Many ordinary artefacts, such as Roman objects used for food and drink, contain two layers of information, telling us about their culinary customs but also about the differences between Romans according to their financial and social status.
The fine tableware that a wealthy Roman citizen, his family and guests would have used to sip wine and sample decadent delicacies included bronze pitchers decorated with applied details in relief, delicate ceramic beakers, and glass cups and bottles where slaves would mix and serve wine with water.
They also had many different vessels for serving and eating food. The majority were made of a fine, smooth ceramic ware known as terra sigillata covered with engobe, a liquid clay slip applied to pottery pieces before firing to produce a smooth, glossy, luxurious finish. Diners used their hands to take pieces of meat and fruit from bowls of assorted sizes. Small plates were used to serve nuts, olives and other delicacies, such as concentrated sauces, served with bronze or silver spoons. These had a pointed end that could also be used to pry mollusc shells open and extract their prized contents.
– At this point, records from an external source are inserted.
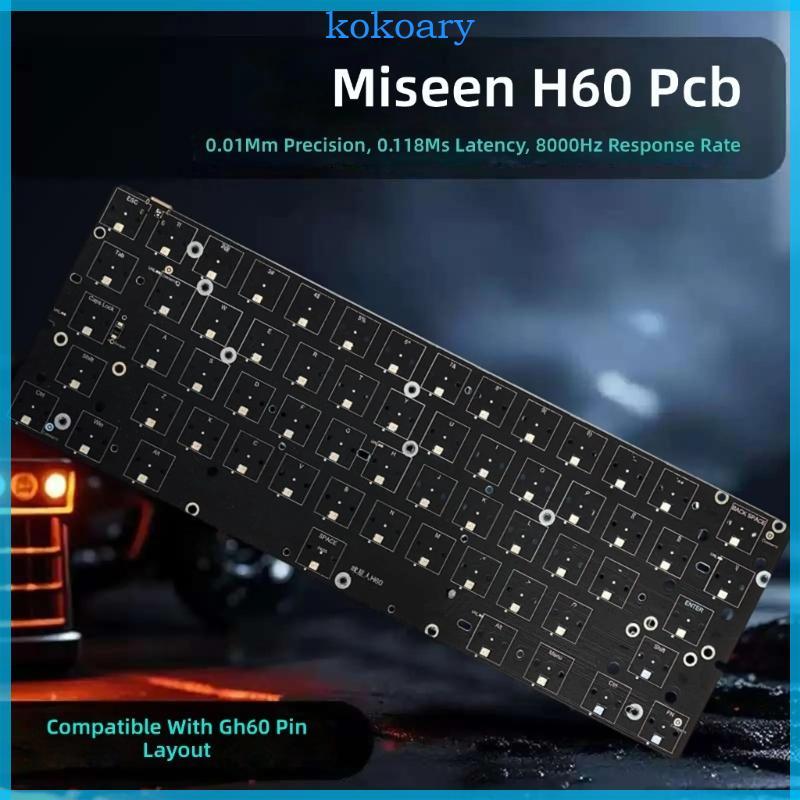 KOK 61Key สวิตช์แม่เหล็กบอร์ด PCB H60 สําหรับ 60 คีย์บอร์ดพร้อมแบ็คไลท์กันน้ํา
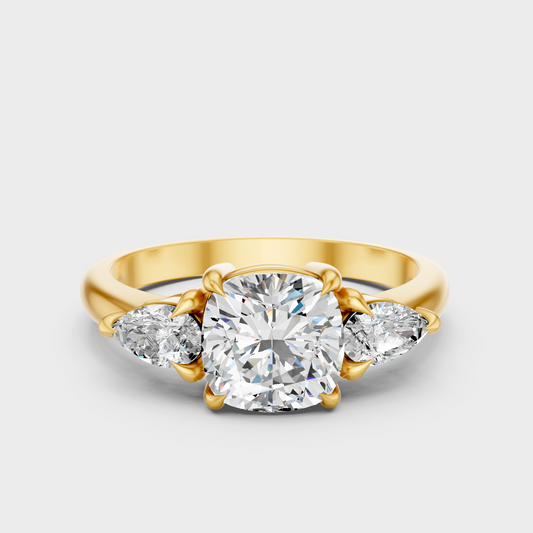 Luxury Three Stone Cushion Diamond Ring In Yellow Gold With Pear Side Stones
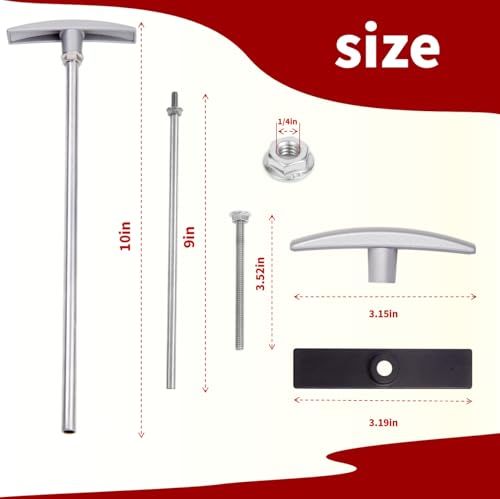 Image of 9 inch&6 inch RV Sewer Valve Handle Replacement Kit,RV Waste Valve Handle Replacement, RV Dump Valve Handle Replacement Set,Replaces Tank Valve Handle,Fits RV Grey Water Valve & RV Black Tank Valve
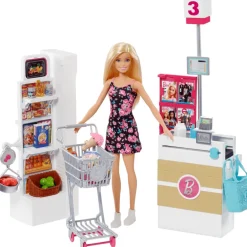 Barbie Set de Super Mercado con Caja Registradora, Carrito de compra y más de 25 accesorios
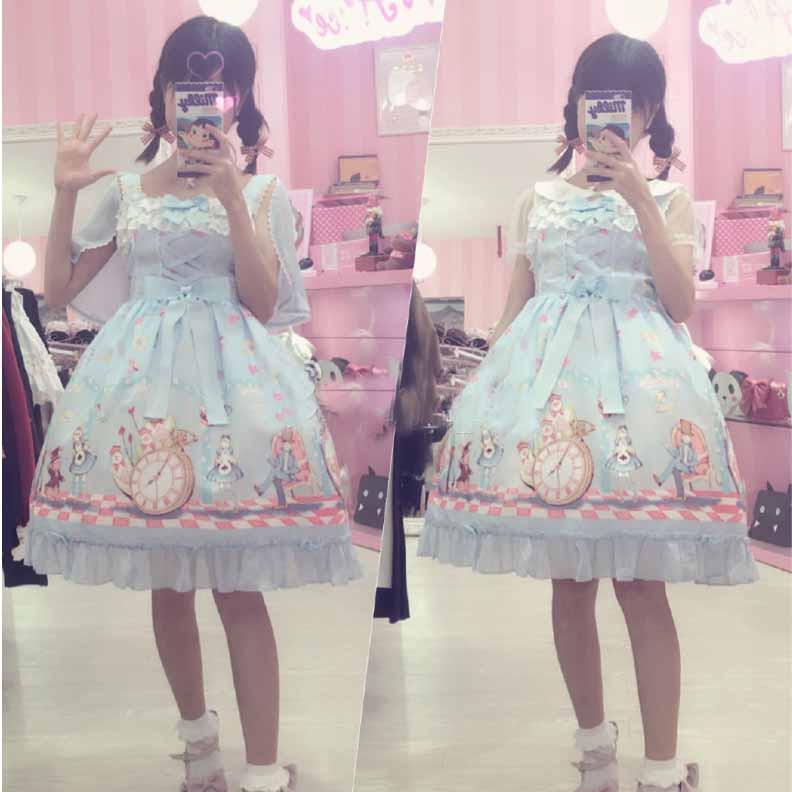Cute Lolita Alice Wonderland Printed Doll Collar Sleeveless Bow Dress SD01840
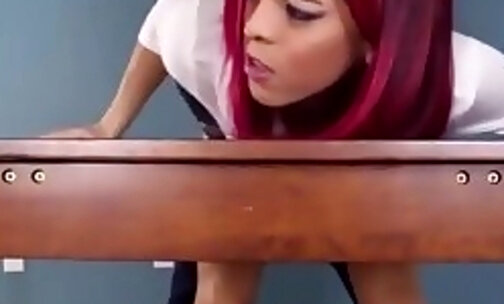 Redhead shemale fucked during job interview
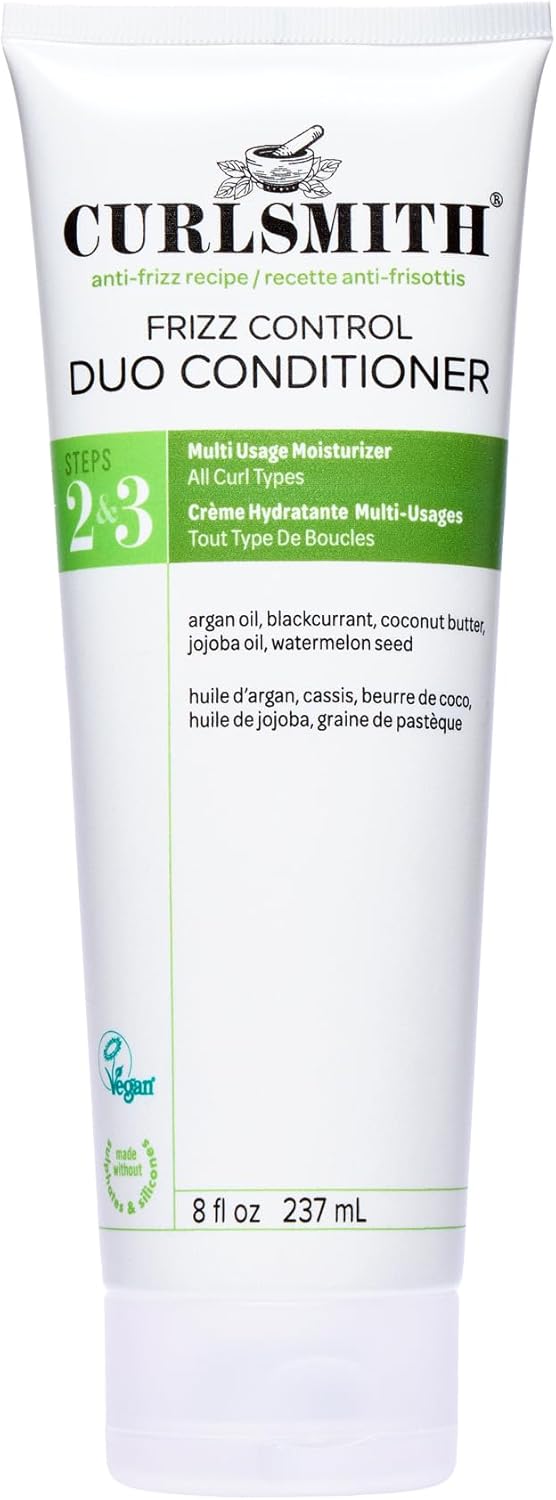 Detalle de Curlsmith Frizz Control Duo Conditioner (12 oz) – Après-shampoing hydratant anti-frisottis pour boucles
In contrast, a poor Roman’s tableware usually consisted of a very few, roughly made and generally undecorated items: cups, plates and pitchers of coarse pottery, without the engobe that would have made them less porous and smooth to the touch. He also had spoons, but of wood rather than metal. With these few humble utensils, a lower-class Roman would drink water and eat the gruel and lentils that were the basis of his simple, unvaried diet.